## Raw data
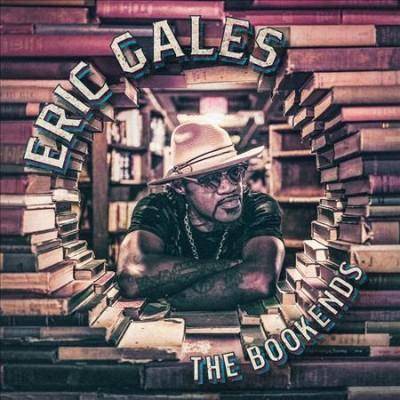 Eric Gales - Bookends (CD)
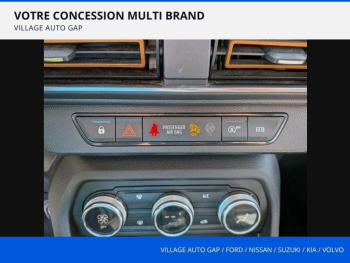 Photo 10 du bon plan DACIA Sandero 1.0 TCe 90ch Stepway Expression occasion à 12780 €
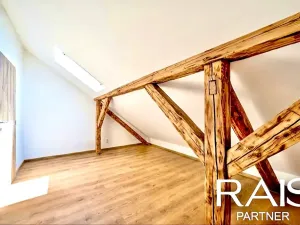 Prodej bytu 3+kk, Brno, 55 m2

## What needs to be done
Each line from the one containing "Photo 10 du" through the end of the listing is to be set down exactly, with all pictures left out.

## Solution to the problem
 Photo 10 du bon plan DACIA Sandero 1.0 TCe 90ch Stepway Expression occasion à 12780 €
 Prodej bytu 3+kk, Brno, 55 m2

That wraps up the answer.